Ich sattelte auf und sah nebenan an einer Anzeige, dass es bereits 40 Grad hatte. UM 8 UHR MORGENS. Oh Gott, und ich hab noch ein paar hundert Kilometer Autobahn vor mir, ohne jeden Schatten. Ich verfluchte mich zum x-ten mal den Bonuspunkt ausgelassen zu haben und machte mich auf den Weg. Gegen 11:30 Uhr hatte ich das Foto dann und im nebenbei noch festgestellt dass der Anstieg eigentlich ganz einfach war und nur von unten so wild ausgesehen hatte. Jetzt galt es nur noch der Brenner-Hitze zu trotzen, mein nächster Bonuspunkt würde erst wieder Schloß Neuschwanstein sein. Um 19:00 Uhr war Deadline in Miesbach, aber es lief sehr gut. Ich konnte sogar nach 2 zusätzliche Punkte abgrasen und, bereits in Miesbach, einen Mitstreiter ärgern, der mir mit einer BMW hinterherfuhr und dann ungläubig hinterher sah als ich mich mit der kleinen XBR durch die Schranke einer Fußgänger/Fahrrad-Brücke schlängelte. Ich kam rechtzeitig im Hotel an, gab meine SD-Karte und das Claiming-Sheet ab und legte mich dann erst mal in die Badewanne voll kaltem Wasser. Äußerlich abgekühlt machte ich mich auf den Weg ins Restaurant zur innerlichen Abkühlung und ein paar Happen zu essen. Mit vielen tollen Eindrücken endete dieser Abend dann bei reichlich Gesprächen an der Hotelbar.
Das Finale:
Am nächsten Tag stand dann noch das Scoring auf dem Programm. Überraschenderweise wurde mir außer der Kapelle von Leg1 nichts weiter abgezogen, aber durch meine schlechte Planung in Leg2 rutschte ich rasant von Platz 2 ins Mittelfeld ab. Aber egal, ich hatte es geschafft. Leider hat es auch Johannes noch erwischt und er schied aus, so dass ich am Ende der einzige der 5 XBR-Fahrer war, der in die Wertung kam.
Am Abend dann wiederholte sich Roberts Perfektionismus und es gab ein prächtiges Abschluss-Bankett in einer nahegelegenen alten Scheune gefolgt von der Siegerehrung und dutzenden Erzählungen mit lauter strahlenden Gesichtern.
Eine grandiose Rally und eine meiner schönsten Motorradtouren. Mein herzlicher Dank dafür an Robert und all die Helferlein im Rallyteam.

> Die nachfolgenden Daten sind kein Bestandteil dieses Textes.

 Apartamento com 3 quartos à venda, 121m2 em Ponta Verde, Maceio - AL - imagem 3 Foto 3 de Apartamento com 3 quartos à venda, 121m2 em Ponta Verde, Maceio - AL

Noch immer bin ich fassungslos darüber, dass Richard im November völlig unerwartet verstorben ist. Ich durfte ihn über die XBR-Alpentouren kennen lernen und schätzte ihn als perfekten Mitfahrer durch seine stets hilfsbereite, freundliche und fröhliche Natur. Mein herzliches Beileid geht hier noch mal an seine Angehörigen und an seinen besten Kumpel Harri.